New Delhi's overzealous attempt to push data localization through its proposed data privacy law is worrying international groups such as Facebook and Google, as well as India's own export-driven IT companies.
Indian regulators also want to check cross border data flows and demand that companies disclose their source code in technology transfers and the algorithms of AI-based systems. For the Modi govement this is all about protecting India's interests in the vast digital marketplace. For Washington it looks like protectionism.
The draft policy defines e-commerce as "buying, selling, marketing or distribution of goods, including digital products and services, through electronic network." Accepting this very broad definition would mean classifying video streaming companies such as Netflix, Hot Star and Amazon Prime Video as e-commerce companies and subjecting them to the same controversial discriminatory ownership and control regime that India applies to foreign-funded online retailers.
New Delhi is also trying to block a plurilateral e-commerce agreement being pushed by the EU, Japan, China and the U.S. and others on the pretext that it would oblige India to permanently accept the current moratorium on customs duties on electronic transactions and drop plans to impose taxes. India also fears that if it accepts global discipline on e-commerce, the freedom to grant preferential treatment to locally-created digital products may be lost.
While these newer differences between India and the U.S. have cropped up, older arguments remain unresolved. For instance, New Delhi has not shown much inclination to tighten its lax intellectual property rights regime beyond the WTO's Agreement on Trade-Related Aspects of Intellectual Property Rights, or TRIPS, despite American pressure to allow what is called "ever-greening" -- patenting of incremental changes in existing medicines -- a move opposed by India's pharmaceutical lobby.
The U.S. dislikes India's "model" investment treaty that excludes taxation from its purview and warrants that aggrieved investors must exhaust domestic legal remedies before seeking international arbitration. The Modi government's emphasis on protectionist local sourcing norms for major industries such as solar energy and electronics nag American companies.
For its part, New Delhi is unhappy that the U.S. administration's tightening of immigration rules is hurting having India's IT companies.
Miffed by the hikes in U.S. steel and aluminum duties, New Delhi has been threatening to impose punitive duties on 29 U.S. products unless the Trump's administration exempts India from its duty hikes.
Though, India has postponed action for now hopes for a mutually-acceptable deal appear distant, especially as Washington has separate gripes with New Delhi over its cozy commercial ties hit by U.S. economic sanctions -- Russia and Iran.
With both Trump and Modi acting as strongman leaders who like to play to their galleries, the bilateral disputes are likely to worsen rather than ease. One possible conciliatory action -- Indian airlines ordering a mass of Boeing planes to boost U.S. imports -- now faces a new problem with the crash of the two Boeing 737 MAX8 aircraft.
As the economically weaker party, India has to walk a tightrope. While it should not give in on ever-greening as its intellectual property rights regime is fully compliant with WTO's TRIPS, New Delhi could be a bit flexible on market-distorting price caps on medical devices.

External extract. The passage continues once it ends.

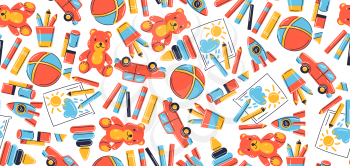 Seamless pattern with various kids toys. Happy childhood symbols. Playing game with friends. Image for shops and kindergartens.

It must resist domestic lobby pressure on e-commerce regulations and keep the playing field open for all kinds of retailers -- online or offline. Nor should New Delhi be too rigid about data localization, as this could drive unnecessary wedges between India and other countries in a key future-oriented industry.
Modi has his political position to maintain. But he needs to acknowledge that, especially in tech, market-liberalizing moves are not just a matter of placating Trump but of serving the interests of Indian consumers and economic efficiency.
Ritesh Kumar Singh is chief economist of Indonomics Consulting and a former assistant director of the Finance Commission of India.